# Greeting from Belgrade!



## 3tonal (Apr 27, 2017)

Hello people, I hope that You are doing well!

Let me introduce myself - I am 39 years old, live in Belgrade/Serbia, and studied music composition. According to some circumstances, I was engaged in totally different jobs from my 30th birthday, but there has always been a “hidden desire” to come back in to music…

If You want to hear some of my work from an “ancient era” You can do it for e.g. here 

Have a nice evening


----------



## Rowy (May 6, 2017)

Welcome, Oliver. I must say I enjoyed Izvoru more. The variations are a bit...


----------



## sazema (May 6, 2017)

3tonal said:


> Hello people, I hope that You are doing well!
> 
> Let me introduce myself - I am 39 years old, live in Belgrade/Serbia, and studied music composition. According to some circumstances, I was engaged in totally different jobs from my 30th birthday, but there has always been a “hidden desire” to come back in to music…
> 
> ...




Really good, and dobro došao


----------



## 3tonal (May 6, 2017)

Hvala puno 

Thank You @Rowy and @sazema for Your interest and taking the time to listen to my work.
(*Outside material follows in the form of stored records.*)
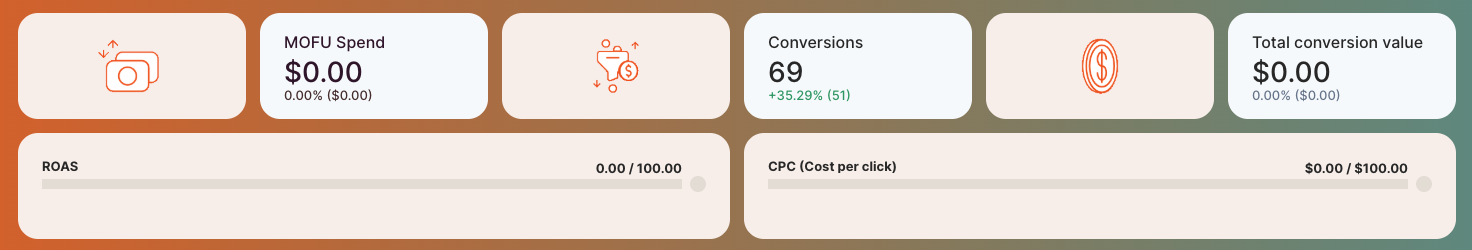 Goal Widget - A dashboard displaying campaign spend, conversions, and value metrics.
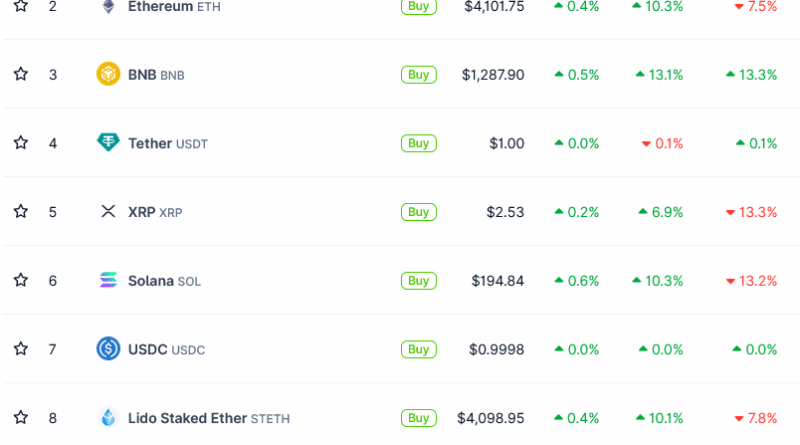 Ether, BNB und Dogecoin führend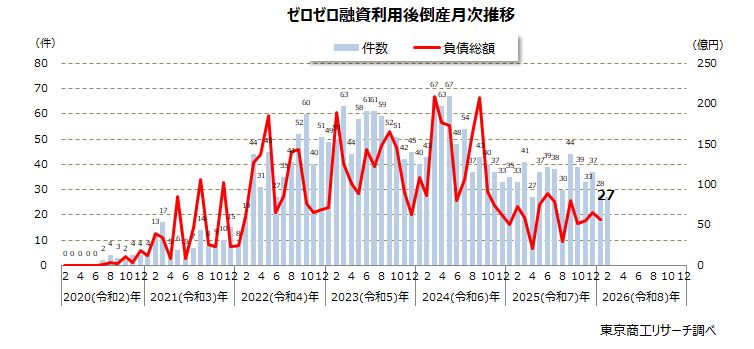 ゼロゼロ融資利用後倒産 月次推移 ゼロゼロ融資利用後倒産 月次推移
What can I say…it is matter of personal perferance. Izvoru is maybe more “mainstream”, but that’s just my opinion…

Variations are story about life jurney of an artist. It is inspired by a man I knew. At the end of composition You can here heart beats, that slowly stops beating…

Both Variations and Poem for flute, violoncello and piano won local awards.

Poem is inspired by war in Serbia in 1999, and was written shortly afterwards. I had the urge to write a brief opening statement before the composition, goes like this:

_it is not the question of form
harmony or melody
for it`s objective is to explore the endless spaces of human innerself
to tread roads and paths
rivers and valleys
in search for a cosmic prestate..._


----------



## thov72 (May 6, 2017)

welcome! Greetings to Belgrade....ne govorim puno srbski....


----------



## 3tonal (May 6, 2017)

Thank You very much! On the contrary, You are doing great 
Small detail, because of the complicated Serbian grammar, it is not "srBski", but "srPski"


----------



## Phryq (May 7, 2017)

Wow, I *love* this!

I imagine there is not much money/work for composers in Serbia. Is that true?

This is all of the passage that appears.